The first three sections will summarize the literature on current use of folksonomies and social tagging. The summary of literature provides a context in which to introduce the main argument. In the literature review it is argued, first, that criticisms of social tagging from the perspective of traditional indexers are valid only if social tagging is seen as a type of indexing; second, that revolutionary claims that folksonomies have the potential to replace traditional indexing are not strongly supported and miss a potentially more important role for social tagging; and third, that step-wise improvements and more recent research in the field are promising but that the best way to conceive of social tagging systems are as social networks or social communication tools. This is where Patrick Wilson provides theoretical insight into the role for social tagging. The article will then take up Wilson and the conclusions that can be drawn from his work.

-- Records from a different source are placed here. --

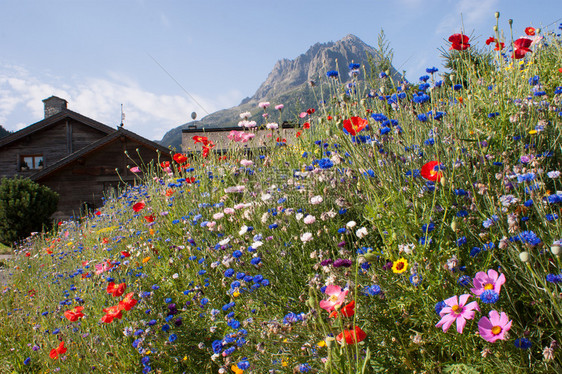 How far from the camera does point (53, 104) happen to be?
2622 centimetres

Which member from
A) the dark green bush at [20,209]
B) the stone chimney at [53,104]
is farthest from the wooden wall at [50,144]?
the dark green bush at [20,209]

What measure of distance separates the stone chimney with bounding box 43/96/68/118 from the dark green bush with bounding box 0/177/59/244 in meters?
15.5

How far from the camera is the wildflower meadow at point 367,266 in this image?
146 centimetres

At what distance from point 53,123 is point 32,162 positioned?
2.57m

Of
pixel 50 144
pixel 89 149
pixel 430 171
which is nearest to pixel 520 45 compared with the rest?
pixel 430 171

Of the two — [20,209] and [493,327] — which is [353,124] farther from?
[20,209]

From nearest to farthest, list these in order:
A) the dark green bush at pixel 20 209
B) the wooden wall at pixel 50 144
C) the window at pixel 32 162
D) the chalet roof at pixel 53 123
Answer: the dark green bush at pixel 20 209, the chalet roof at pixel 53 123, the wooden wall at pixel 50 144, the window at pixel 32 162

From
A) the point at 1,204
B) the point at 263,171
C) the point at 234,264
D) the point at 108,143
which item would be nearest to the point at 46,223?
the point at 1,204

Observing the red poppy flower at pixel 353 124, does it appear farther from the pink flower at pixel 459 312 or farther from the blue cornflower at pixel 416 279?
the pink flower at pixel 459 312

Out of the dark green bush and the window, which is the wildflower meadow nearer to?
the dark green bush

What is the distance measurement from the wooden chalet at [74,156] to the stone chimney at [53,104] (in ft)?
22.6

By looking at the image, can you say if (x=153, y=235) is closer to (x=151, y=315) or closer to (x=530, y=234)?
(x=151, y=315)

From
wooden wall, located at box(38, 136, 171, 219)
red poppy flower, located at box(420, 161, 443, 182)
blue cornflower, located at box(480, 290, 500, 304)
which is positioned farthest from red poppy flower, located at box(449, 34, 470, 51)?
wooden wall, located at box(38, 136, 171, 219)

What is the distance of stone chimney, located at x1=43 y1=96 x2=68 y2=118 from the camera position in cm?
2603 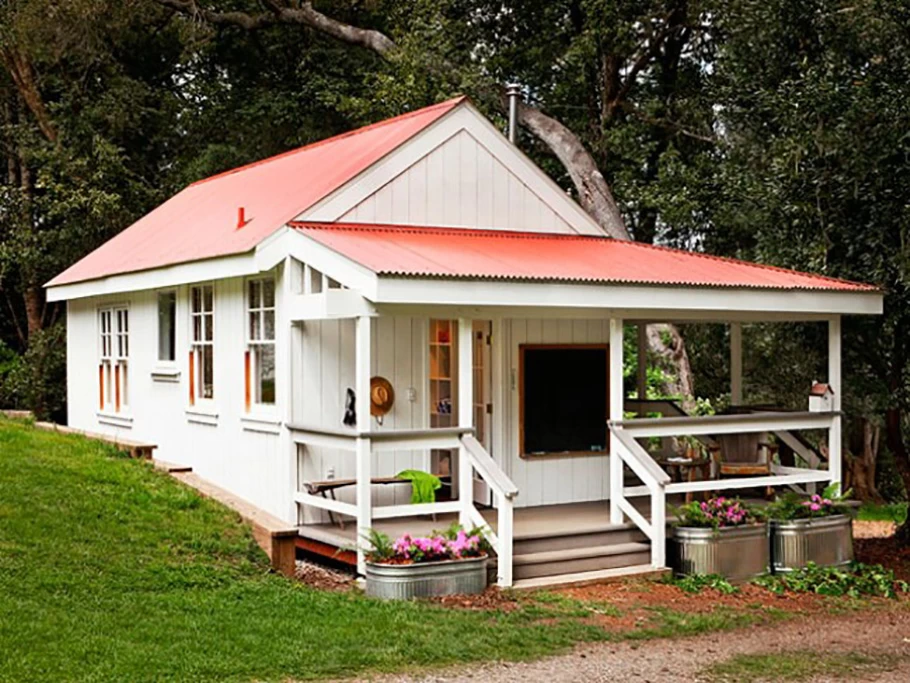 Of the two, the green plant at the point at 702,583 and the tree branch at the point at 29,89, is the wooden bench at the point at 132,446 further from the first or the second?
the tree branch at the point at 29,89

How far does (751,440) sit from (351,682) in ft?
23.5

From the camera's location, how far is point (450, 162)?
13.2 meters

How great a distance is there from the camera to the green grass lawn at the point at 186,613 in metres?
7.72

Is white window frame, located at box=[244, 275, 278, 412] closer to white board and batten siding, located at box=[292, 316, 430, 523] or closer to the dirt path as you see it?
white board and batten siding, located at box=[292, 316, 430, 523]

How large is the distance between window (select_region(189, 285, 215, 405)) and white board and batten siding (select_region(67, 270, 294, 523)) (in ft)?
0.44

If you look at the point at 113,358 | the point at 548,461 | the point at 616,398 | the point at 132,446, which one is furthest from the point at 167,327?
the point at 616,398

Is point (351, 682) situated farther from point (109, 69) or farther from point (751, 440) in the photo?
point (109, 69)

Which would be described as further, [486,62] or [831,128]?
[486,62]

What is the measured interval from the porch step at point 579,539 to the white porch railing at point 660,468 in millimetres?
158

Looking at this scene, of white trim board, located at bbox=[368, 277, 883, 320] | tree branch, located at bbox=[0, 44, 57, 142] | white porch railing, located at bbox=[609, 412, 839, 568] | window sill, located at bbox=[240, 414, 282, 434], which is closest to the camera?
white trim board, located at bbox=[368, 277, 883, 320]

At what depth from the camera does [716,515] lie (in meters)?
11.6

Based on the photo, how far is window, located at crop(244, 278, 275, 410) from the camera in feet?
41.3

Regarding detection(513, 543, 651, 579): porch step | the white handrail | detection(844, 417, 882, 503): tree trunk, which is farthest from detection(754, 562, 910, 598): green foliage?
detection(844, 417, 882, 503): tree trunk

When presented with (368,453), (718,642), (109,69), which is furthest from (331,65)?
(718,642) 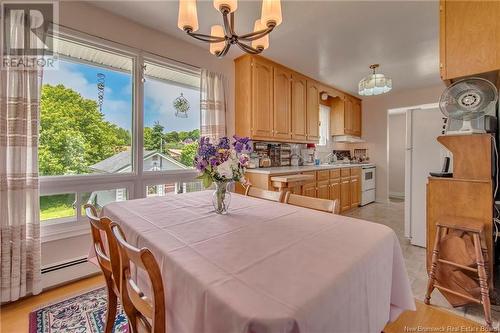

Literature review: Traditional criticisms of folksonomies and social tagging
From the perspective of traditional indexing, several general and philosophical criticisms of social tagging as a means of information control [End Page 78] can be raised. One is that users' motivation for tagging cannot be known and can be infinitely diverse. Morrison (2007) argues that reasons for adding a tagging functionality to a site may be to improve search results, to add a navigational facet, to classify with minimal cost, or to get users to interact. Some of users' motivations to tag are to find things later, to get exposure and traffic, to voice their opinion, to take advantage of the functionality, to play a game, or to earn points. None of these motivations are remotely similar to those of traditional indexers.
Another criticism is that the use of tags to navigate is not equivalent to information retrieval. To what extent is navigation similar to information retrieval? Very often in an online environment such navigation means browsing without a precise direction or clear intention. O'Connor (1996, 65) states that "browsing is the activity or set of activities used by scholars to get around the difficulties of representing documents in advance, of use by searchers with no clearly stated goal." Indexing does not facilitate browsing as a rule. Furthermore, the purposes behind searching when motivated to find something precisely defined by the user and browsing may not be served by the same means of information control. When one searches by means of an index, one at least believes that one knows what to expect. When one is searching through socially tagging navigational systems, one seldom knows exactly what to expect as results. One only expects to get something. The precise "see" and "see also" cross-references are by no means equivalent to the cloud of tags suggested in these navigational systems. From a traditional indexing perspective, providing the user with "something" is not information retrieval. A systematic use of a social tagging system might mean first identifying all imaginable tagging motivations that might assist one in the search, then thinking about possible terms that might have been used, then performing a search, hoping to retrieve something useful and relevant. In other words, in the navigational environment provided by social tagging there is no way to obtain authoritative retrieval, which is defined as presenting something according to unbiased, systematic, and universal rules. In such an environment one can obtain only some orientation, or guidance, or in extreme cases only insights.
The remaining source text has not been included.